San Francisco has become the first United States city to ban the use of facial recognition technology by the police and other agencies.
The emerging technology will not be allowed to be used by local agencies, such as the city's transport authority, or law enforcement.
Additionally, any plans to buy any kind of new surveillance technology must now be approved by city administrators.
Opponents of the measure said it will put people's safety at risk and hinder efforts to fight crime.
Those in favour of the move said the technology as it exists today is unreliable, and represented an unnecessary infringement on people's privacy and liberty.
In particular, opponents argued the systems are error prone, particularly when dealing with women or people with darker skin.
"This is really about saying: 'We can have security without being a security state. We can have good policing without being a police state.' And part of that is building trust with the community based on good community information, not on Big Brother technology," said Supervisor Aaron Peskin, who championed the legislation.
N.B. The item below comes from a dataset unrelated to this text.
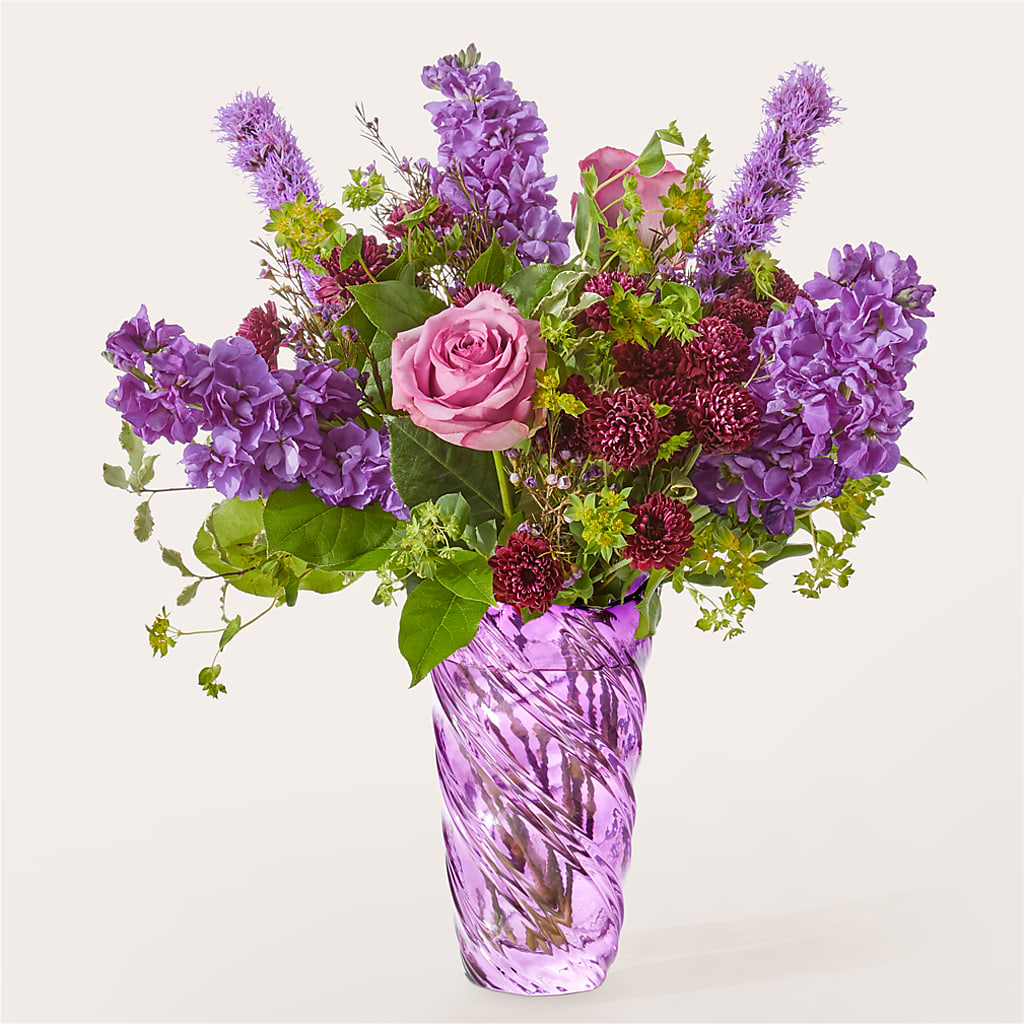 Garden Mist Bouquet – HARRY'S FLOWERS, Victoria BC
Matt Cagle from the American Civil Liberties Union in Northern California, said: "With this vote, San Francisco has declared that face surveillance technology is incompatible with a healthy democracy and that residents deserve a voice in decisions about high-tech surveillance.
"We applaud the city for listening to the community, and leading the way forward with this crucial legislation. Other cities should take note and set up similar safeguards to protect people's safety and civil rights."
The vote was passed by San Francisco's supervisors 8-1, with two absentees. The measure is expected to be officially passed into city law after a second vote next week.
"Instead of an outright ban, we believe a moratorium would have been more appropriate," said Joel Engardio, vice-president of a resident public safety group Stop Crime SF.
"We agree there are problems with facial recognition ID technology and it should not be used today. But the technology will improve and it could be a useful tool for public safety when used responsibly. We should keep the door open for that possibility."
Privacy advocates have squared off with public safety proponents at several heated hearings in San Francisco, a city teeming with tech innovation and the home of Twitter, Airbnb and Uber.
Those who support the ban say the technology is flawed and a serious threat to civil liberties, especially in a city that cherishes public protest and privacy. They worry people will one day not be able to go to a mall, the park or a school without being identified and tracked.
People don't expect privacy in public spaces, critic says
But critics say police need all the help they can get, especially in a city with high-profile events and high rates of property crime. That people expect privacy in public space is unreasonable given the proliferation of cellphones and surveillance cameras, said Meredith Serra, a member of Stop Crime SF.
"To me, the ordinance seems to be a costly additional layer of bureaucracy that really does nothing to improve the safety of our citizens," she said at a hearing.
The new rules will not apply to security measures at San Francisco's airport or sea port, as they are run by federal, not local, agencies.
Some campaigners unsuccessfully urged for the measures not to apply to local police. While San Francisco's officers do not currently use facial recognition technology, a number of other police forces across the US do.
The city of Oakland is considering similar legislation.